Call $connect and $disconnect explicitly in Lambda

In serverless environments, each invocation may get a cold container. The client connects lazily by default, but long-running Lambda handlers benefit from explicit lifecycle control.

export const handler = async (event: APIGatewayEvent) => {
  await prisma.$connect()
  try {
    const result = await prisma.user.findUnique({ where: { id: event.pathParameters?.id } })
    return { statusCode: 200, body: JSON.stringify(result) }
  } finally {
    await prisma.$disconnect()
  }
}
  • Use $connect before the first query when you want to fail fast on connection errors.
  • Always $disconnect in finally so the container does not hold a connection across idle time.
  • For high-throughput Lambdas, use a pooler instead. See prisma-pooling.

Configure logging for query visibility

Prisma can log queries, query parameters, warnings, and errors. Enable selectively; logging every query in production generates noise and leaks parameter values to stdout.

const prisma = new PrismaClient({
  adapter: new PrismaPg({ connectionString: process.env.DATABASE_URL }),
  log: [
    { emit: "event", level: "query" },
    { emit: "stdout", level: "error" },
    { emit: "stdout", level: "warn" },
  ],
})
 
prisma.$on("query", (e) => {
  console.log(`${e.query} (${e.duration}ms)`)
})
  • Use emit: "event" to route query logs to your observability pipeline rather than stdout.
  • Log query duration to identify slow paths. Pair with postgres-explain to diagnose them.
  • Disable "query" logs in production unless you are actively debugging. The emitted parameters may contain PII.

Use client extensions for cross-cutting concerns

$extends is the mechanism for soft-delete filters, audit logging, and multi-tenant row isolation. The $use middleware API was deprecated in v4.16.0 and removed in v6.14.0; it does not exist in Prisma 7. Use $extends({ query: { ... } }) to intercept queries.

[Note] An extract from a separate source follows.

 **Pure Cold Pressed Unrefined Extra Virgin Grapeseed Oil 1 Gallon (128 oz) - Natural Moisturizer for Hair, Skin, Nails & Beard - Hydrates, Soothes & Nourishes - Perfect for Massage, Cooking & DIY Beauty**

const prisma = base.$extends({
  query: {
    post: {
      findMany({ args, query }) {
        args.where = { ...args.where, deletedAt: null }
        return query(args)
      },
    },
  },
})
  • $extends returns a new client; assign it and use that instance. The base client is unchanged.
  • Do not use a query extension for caching. It intercepts every query, making cache invalidation unpredictable. Use the result component or a dedicated cache instead.
  • For the full set of components (query, result, model, client), see prisma-client-extensions.

Derive types from the generated client

Prisma generates payload types for every model and query shape. Use them instead of hand-written interfaces.

import { Prisma } from "./generated/prisma/client"
 
type UserWithOrders = Prisma.UserGetPayload<{
  include: { orders: true }
}>
  • GetPayload narrows the return type to exactly the selected fields, including nested includes.
  • Avoid any casts on query results. The generated types are the contract between the schema and the application. See typescript for general type safety rules.